As I reported in my early 2018 articles the industry is better and stronger than it has ever been in recent years. The best predictor of future behavior is past behavior. Standing at roughly the 3rd quarter, it seems that what we’ve gotten so far this year is what the rest of the year will shape up to be.
Now, as you might remember from my 1st quarter column, I was confident that 2018 would be a robust, market year, based in large part on the growth in the Greater Boston market supporting a growing movement toward life-work-play lifestyles.
And it appears that the last quarter will be a continuation of what we have already seen. That said, I predict further good, but not great, growth throughout 2019. There’s a lot of activity in the market, with rental rate increases of roughly 3% to 5% across the board.
This is especially true of the multifamily market, not only within my company, but industry wide, still enjoying its long surge in rental rates and occupancies. But we’re also still getting turnover from office tenants, who still want to take advantage of lower rental rates when their leases expire.

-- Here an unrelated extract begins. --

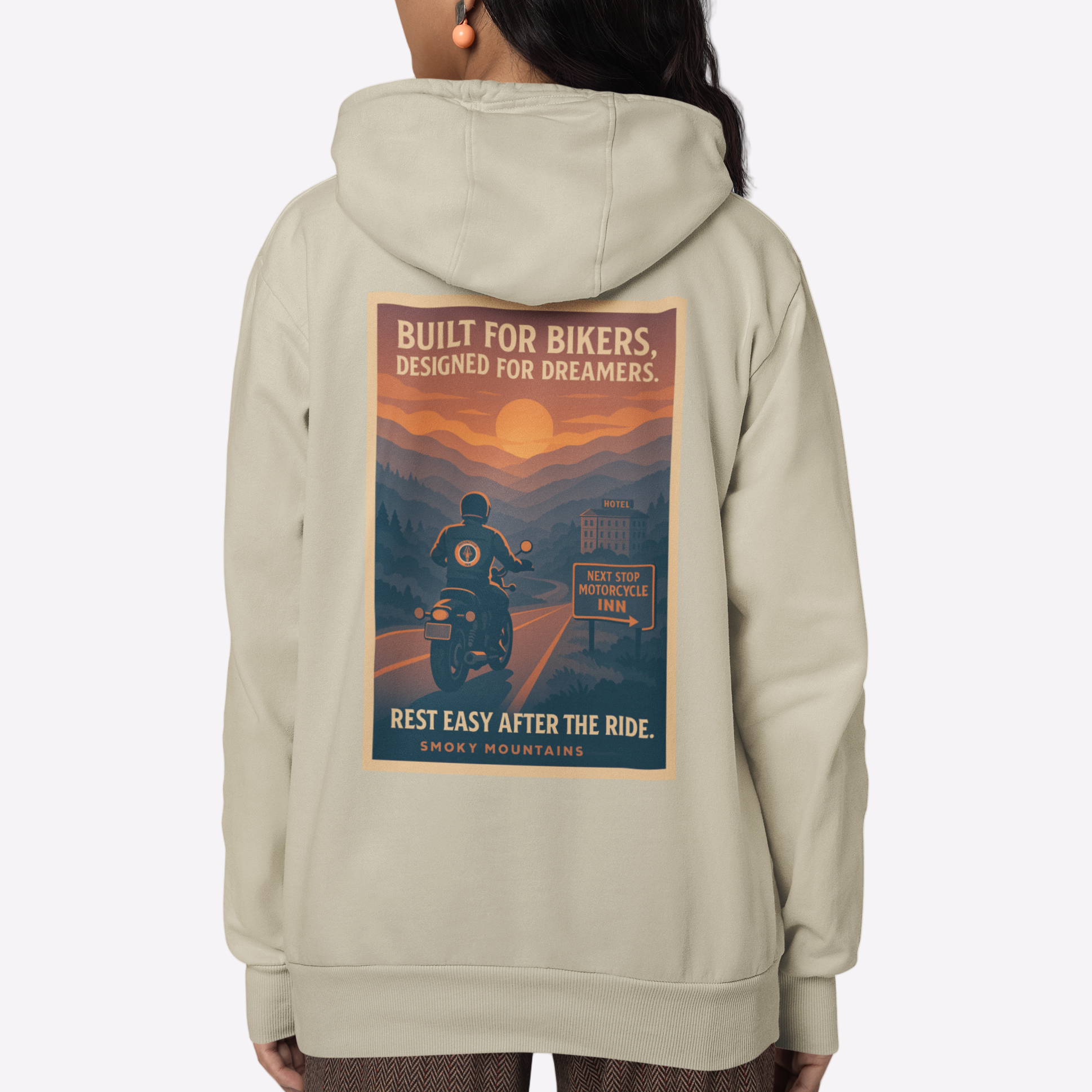 Person wearing a beige hoodie with a graphic design on the back, standing against a white background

The job postings from the Bureau of Labor Statistics in August reached an all-time high of 7.1 million. It could also be that, with record single-digit lows in unemployment, it’s another indication of a robust economy and a good sign for the office sector.
I tend to take a longer view on the economy and believe that such results must be measured against the backdrop of trends. That said, I do agree with a recent analysis, provided by Marcus & Millichap, which states, corporate tax cuts might play a role in reshaping the economy and could lift the office market moving forward. A reduction in the corporate tax rate will provide a windfall to companies, and several organizations have committed to investments into wages, hiring and infrastructure. Heightened small-business optimism will reinforce hiring trends and office space demand. Historically, small-business confidence and net absorption have moved hand in hand as firms expand to larger office footprints in anticipation of new hires.
Any way you look at it gauging future behavior is tricky. By traditional standards, it has been a long upturn, however irregular. If I had to guess, I would stick to my earlier prediction that next year will continue its upward trend.
And if that’s the case, wise companies are, or have been, planning for the worst; never a bad business strategy. At the Simon Companies we treat each property as a stand-alone business, each its own profit center, and we further that strategy by boosting our reserves and contingency funds. Such safeguards prevent soft markets from decaying our cash flow. A lesson learned from the previous downturn.
But, and here is the takeaway, whatever happens next year, we’re better prepared for it than ever before. We learn hard lessons from every cycle we experience, whether it’s overbuilding or, as happened in 2008, the results of sloppy lending and underwriting. And as I have said before, we in the property management field stand to gain, if we are smart, no matter the market conditions.
As to what next year will actually bring, we’ll just have to wait and see.
Christopher Mellen, CPM is the vice president of the Simon Companies, Braintree, Mass.